● SOURCE MATERIAL:
------------------------------------

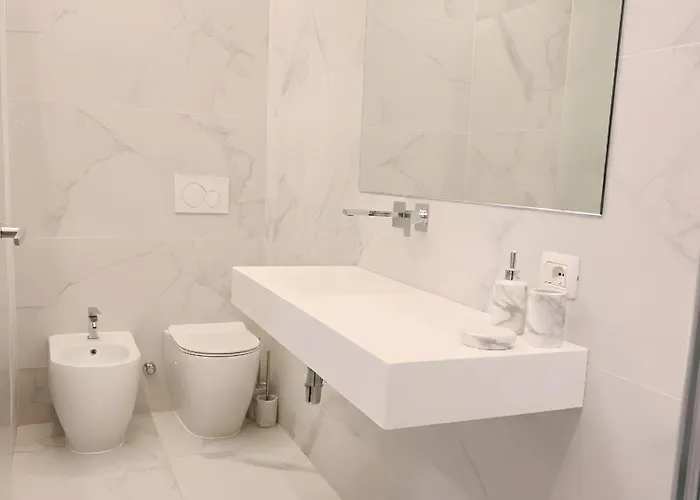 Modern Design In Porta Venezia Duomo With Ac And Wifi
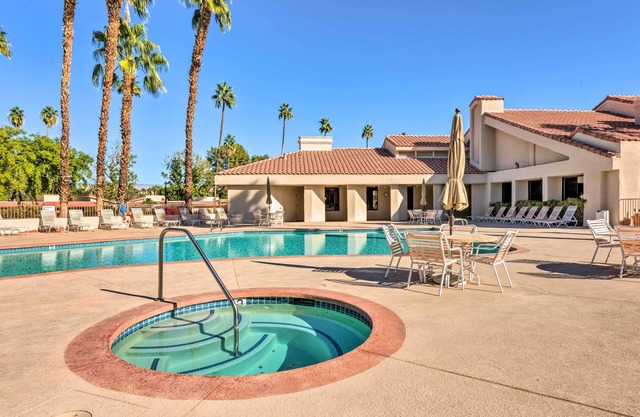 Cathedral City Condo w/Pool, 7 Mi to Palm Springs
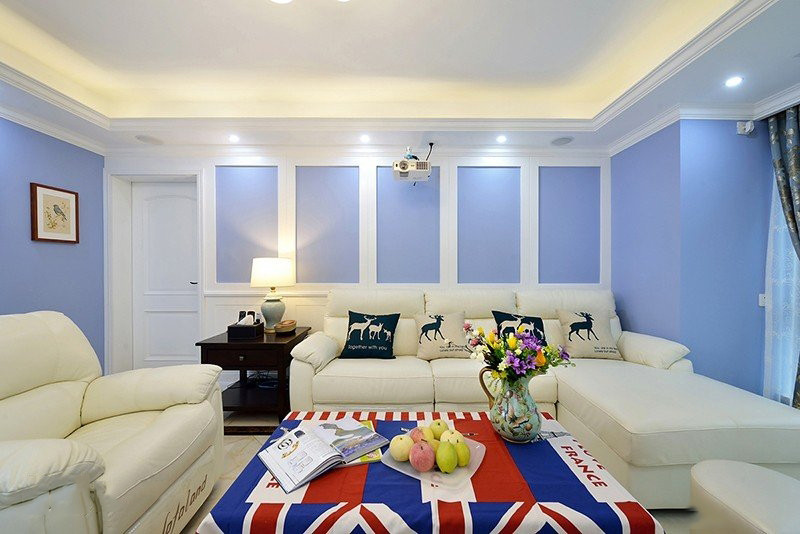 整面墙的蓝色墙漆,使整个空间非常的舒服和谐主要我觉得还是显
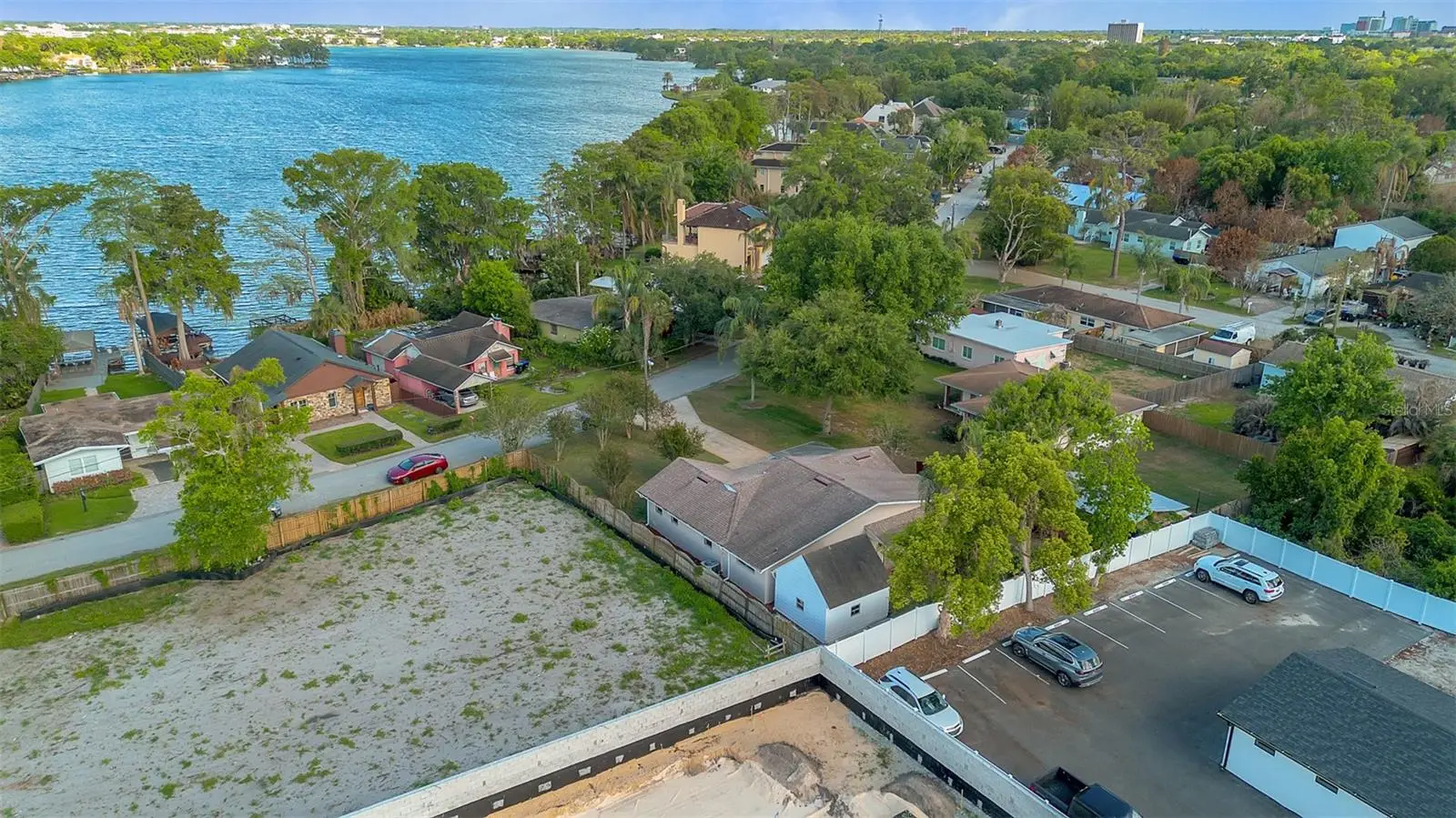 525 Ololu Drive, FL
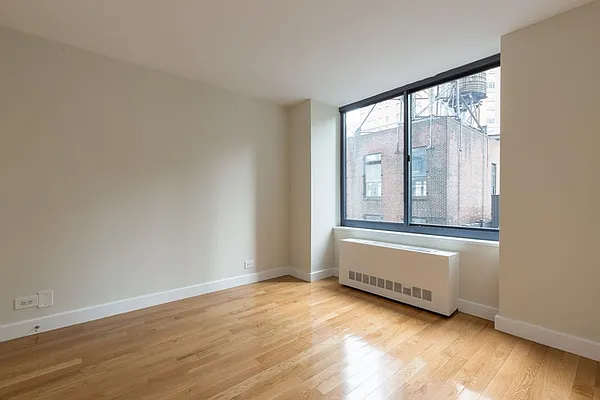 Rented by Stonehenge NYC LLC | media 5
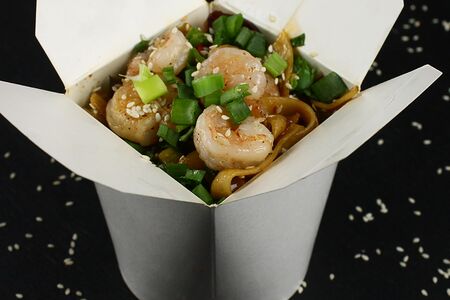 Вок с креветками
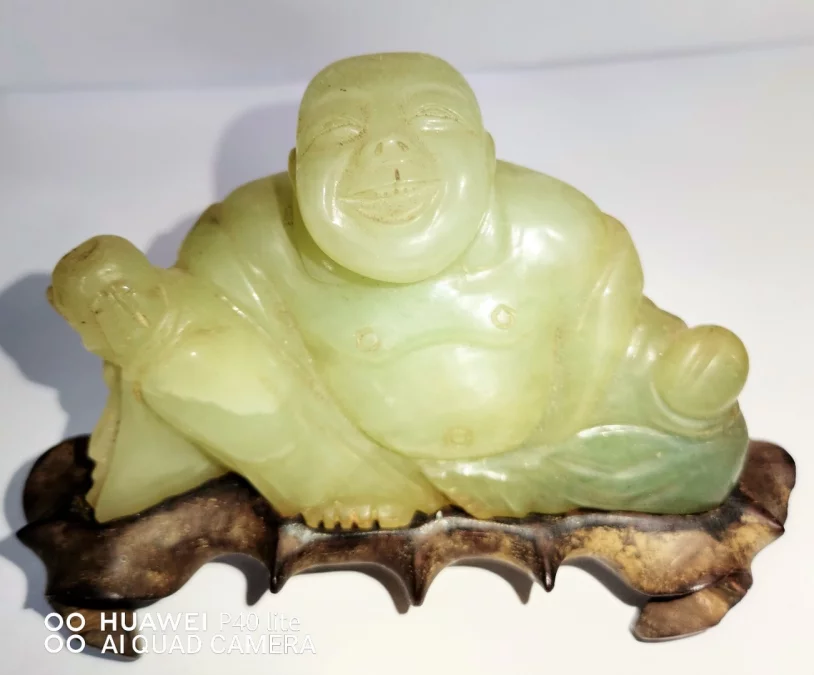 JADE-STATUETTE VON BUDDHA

------------------------------------

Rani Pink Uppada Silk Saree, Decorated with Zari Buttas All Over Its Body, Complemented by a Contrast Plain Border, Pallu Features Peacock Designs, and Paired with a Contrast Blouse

------------------------------------

● EXERCISE DESCRIPTION: Among the entries above, locate the line with "Cathedral City Condo" and the line with "JADE-STATUETTE VON BUDDHA". Give those two lines and all lines between them again, exactly, leaving out the pictures.

● EXERCISE OUTPUT:
 Cathedral City Condo w/Pool, 7 Mi to Palm Springs
 整面墙的蓝色墙漆,使整个空间非常的舒服和谐主要我觉得还是显
 525 Ololu Drive, FL
 Rented by Stonehenge NYC LLC | media 5
 Вок с креветками
 JADE-STATUETTE VON BUDDHA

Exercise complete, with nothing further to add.